Les Quatre qui jamais n’ont été remplis depuis la première Rosée, on les nomme — 
Gueule de Jacala, gésier de Vautour, mains de Singe, Œil d’Homme.
Dicton de la Jungle.
Le second livre de la jungle, R.Kipling

 J’échoue aussi bien que tout le monde, et même peut-être un peu plus.
Mais il m’arrive de réussir parfois, quand mes élèves ont bien voulu entrer pour un peu de temps dans les espaces imaginaires que les auteurs ont fait naitre pour eux, et qu’ils cherchent des signes dans un texte pour découvrir le sens, même si ce signe est un point de suspension.
Quand ils acceptent de relever les couleurs dans l’incipit de C’est la guerre de Calaferte pour découvrir l’image en noir, blanc et sépia du premier jour de la guerre, souvenir d’un enfant de 11 ans qui ne voit en couleur que les éléments liés à l’enfance.
Quand ils veulent bien suivre le fil des métaphores du "fragment 128" des Feuillets d’Hypnos de René Char, être émus par les mille fils confiants dont pas un ne devait se rompre entre le village et le résistant sauvé, et enragés quand la note ajoutée de 1945 précise qu’en fait non, c’était le hasard.
Quand ils se prêtent au relevé du champ lexical du regard entre Jean-Jacques Rousseau et Mlle de Breil, et y lisent navrés la progression du triomphe à l’infortune de l’adolescence. Ici pas de trésor caché, pas de récompense, plutôt une déception : Putain la galère de merde, mais le plaisir, l'émotion de la quête, de l’enquête.

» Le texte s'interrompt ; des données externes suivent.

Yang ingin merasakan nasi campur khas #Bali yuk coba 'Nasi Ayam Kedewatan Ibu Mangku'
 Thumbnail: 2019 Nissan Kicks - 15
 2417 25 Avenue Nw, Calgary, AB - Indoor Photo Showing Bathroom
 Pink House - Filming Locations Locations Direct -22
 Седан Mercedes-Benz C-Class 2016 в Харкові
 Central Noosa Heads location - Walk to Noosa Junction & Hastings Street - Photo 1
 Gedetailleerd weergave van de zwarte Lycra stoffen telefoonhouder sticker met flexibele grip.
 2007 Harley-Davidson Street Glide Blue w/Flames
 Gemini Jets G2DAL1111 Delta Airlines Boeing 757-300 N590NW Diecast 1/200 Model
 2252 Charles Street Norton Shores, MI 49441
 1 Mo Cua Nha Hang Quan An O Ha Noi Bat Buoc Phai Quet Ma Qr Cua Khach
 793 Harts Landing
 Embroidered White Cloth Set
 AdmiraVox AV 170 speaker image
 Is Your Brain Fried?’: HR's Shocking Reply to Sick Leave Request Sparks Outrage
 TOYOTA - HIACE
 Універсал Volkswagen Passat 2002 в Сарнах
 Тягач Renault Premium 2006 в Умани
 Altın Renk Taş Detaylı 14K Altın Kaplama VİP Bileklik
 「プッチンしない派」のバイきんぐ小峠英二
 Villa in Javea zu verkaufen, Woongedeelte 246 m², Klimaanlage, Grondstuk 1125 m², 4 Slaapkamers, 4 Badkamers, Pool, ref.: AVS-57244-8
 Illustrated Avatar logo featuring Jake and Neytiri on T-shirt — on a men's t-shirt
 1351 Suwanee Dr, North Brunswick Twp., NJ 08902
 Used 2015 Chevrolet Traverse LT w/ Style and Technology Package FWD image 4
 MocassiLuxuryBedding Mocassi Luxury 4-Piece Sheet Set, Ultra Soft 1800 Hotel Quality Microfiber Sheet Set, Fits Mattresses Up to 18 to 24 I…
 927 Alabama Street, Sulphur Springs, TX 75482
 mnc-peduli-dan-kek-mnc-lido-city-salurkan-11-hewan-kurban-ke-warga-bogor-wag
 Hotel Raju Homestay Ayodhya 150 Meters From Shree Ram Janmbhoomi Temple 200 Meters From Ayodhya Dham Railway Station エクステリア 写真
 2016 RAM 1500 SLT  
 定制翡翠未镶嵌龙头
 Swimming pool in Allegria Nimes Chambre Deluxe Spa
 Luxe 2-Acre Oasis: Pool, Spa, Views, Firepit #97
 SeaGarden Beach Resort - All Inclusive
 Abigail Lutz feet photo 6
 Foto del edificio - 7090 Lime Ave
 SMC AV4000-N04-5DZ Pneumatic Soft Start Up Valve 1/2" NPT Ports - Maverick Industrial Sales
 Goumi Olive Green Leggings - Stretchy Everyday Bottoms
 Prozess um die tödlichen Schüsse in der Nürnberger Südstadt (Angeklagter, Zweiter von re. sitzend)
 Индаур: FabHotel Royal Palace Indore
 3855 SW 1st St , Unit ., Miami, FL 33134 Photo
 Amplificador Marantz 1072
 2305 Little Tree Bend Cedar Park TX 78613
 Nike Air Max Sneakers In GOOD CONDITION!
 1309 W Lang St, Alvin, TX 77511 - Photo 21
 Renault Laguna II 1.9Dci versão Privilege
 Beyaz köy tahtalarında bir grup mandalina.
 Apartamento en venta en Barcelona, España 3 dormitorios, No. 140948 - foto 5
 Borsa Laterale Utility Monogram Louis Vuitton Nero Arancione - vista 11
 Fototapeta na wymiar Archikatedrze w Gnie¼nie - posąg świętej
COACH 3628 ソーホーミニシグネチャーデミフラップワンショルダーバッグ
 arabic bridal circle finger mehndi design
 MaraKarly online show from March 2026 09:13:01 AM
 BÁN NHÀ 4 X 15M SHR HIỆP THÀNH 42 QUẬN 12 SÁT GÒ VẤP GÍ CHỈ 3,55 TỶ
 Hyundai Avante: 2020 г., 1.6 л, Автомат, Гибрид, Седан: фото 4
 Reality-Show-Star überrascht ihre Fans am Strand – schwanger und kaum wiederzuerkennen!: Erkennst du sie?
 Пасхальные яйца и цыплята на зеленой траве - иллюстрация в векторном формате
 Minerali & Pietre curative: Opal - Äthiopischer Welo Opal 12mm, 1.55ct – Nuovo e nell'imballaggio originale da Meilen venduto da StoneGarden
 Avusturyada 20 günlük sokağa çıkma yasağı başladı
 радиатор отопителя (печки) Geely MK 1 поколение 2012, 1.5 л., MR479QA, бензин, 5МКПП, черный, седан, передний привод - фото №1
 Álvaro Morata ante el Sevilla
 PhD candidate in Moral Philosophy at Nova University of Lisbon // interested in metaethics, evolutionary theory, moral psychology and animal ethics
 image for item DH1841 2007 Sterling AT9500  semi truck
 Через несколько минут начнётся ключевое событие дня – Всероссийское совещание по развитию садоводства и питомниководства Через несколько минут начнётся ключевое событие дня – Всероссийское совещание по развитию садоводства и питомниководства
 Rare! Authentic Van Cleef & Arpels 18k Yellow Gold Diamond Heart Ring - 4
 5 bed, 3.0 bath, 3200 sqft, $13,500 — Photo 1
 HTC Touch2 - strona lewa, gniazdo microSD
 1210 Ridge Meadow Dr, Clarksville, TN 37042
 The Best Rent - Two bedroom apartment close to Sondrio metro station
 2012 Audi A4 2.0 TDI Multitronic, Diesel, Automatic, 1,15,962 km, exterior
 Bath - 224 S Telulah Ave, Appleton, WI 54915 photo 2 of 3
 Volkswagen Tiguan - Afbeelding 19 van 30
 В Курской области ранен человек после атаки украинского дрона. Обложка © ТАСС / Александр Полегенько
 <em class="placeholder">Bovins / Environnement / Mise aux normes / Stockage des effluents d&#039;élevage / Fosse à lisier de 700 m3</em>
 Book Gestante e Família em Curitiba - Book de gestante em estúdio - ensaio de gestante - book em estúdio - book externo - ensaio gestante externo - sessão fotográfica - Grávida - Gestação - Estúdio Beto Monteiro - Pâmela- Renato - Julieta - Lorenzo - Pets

Pour diverses raisons, j’ai été un enfant Kipling, qui est bien plus de choses que le « chantre de l’Empire Britannique » et un auteur pour enfants. Heureusement, quelques enfants le lisent encore. Dans L’Ankus du roi, Mowgli devenu adolescent retourne avec Kaa aux Grottes froides, où un vieux cobra blanc lui offre la Mort sous la forme d’un aiguillon à éléphant précieux. Mowgli un instant fasciné, le jette, puis regrette, trop tard. L’ankus a commencé son voyage mortel, dont il ne peut que suivre, lire, interpréter et finalement vivre la piste sanglante de meurtre en meurtre avec l’aide de Bagheera.

Dans le chapitre Origine de l’enquête, Baptiste Morizot fait du pistage un élément constituant de la nature humaine, physiquement, mais aussi pour ce qui nous intéresse dans l’émergence des capacités humaines de raisonnement.
Cet animal peu doué, la petite grenouille Mowgli, poursuit à la trace un gibier mouvant qui exige de décrypter, interpréter, deviner, enquêter. L’homme « animal visuel sans odorat » a dû « éveiller l’oeil qui voit l’invisible, l’oeil de l’esprit ». En d’autres termes survivre est un problème intellectuel de lecture, interprétation, prévision des signes, mais aussi de leur absence. Renifler une piste odorante, vivante, excitante, c’est autre chose que de suivre une empreinte, une trace, un signe, mais est-ce moins excitant ? Cela demande un apprentissage : lire puis interpréter, imaginer un passé, une intention, une histoire qui permet de trouver la proie invisible jusqu’à l’ultime moment. Morizot décrit deux modes de pistage : Le pistage systématique qui lit les traces et, quand elles deviennent trop ténues et absentes, le pistage spéculatif qui analyse les signes, en déduit des hypothèses qu’il faudra confirmer ou infirmer. Les penseurs de l’EN ont beau s’ingénier à nous compliquer la vie, n’est-ce pas, finalement, ce que nous faisons en classe ? C’est en tout cas ce que je fais pour lire un texte et apprendre aux élèves à le faire.

    Mais ça ne suffit pas : la plupart des prédateurs animaux qui suivent une piste savent faire ça, mais tous ne savent pas qu’une absence de signe est un signe, et si la proie n’est pas là alors qu’elle devrait y être c’est qu’elle est…
Le pistage spéculatif, la méthode scientifique pour la nommer, devient imaginatif, il s’échappe des signes, s’identifie à la proie, devient la proie, on passe à un autre niveau cognitif.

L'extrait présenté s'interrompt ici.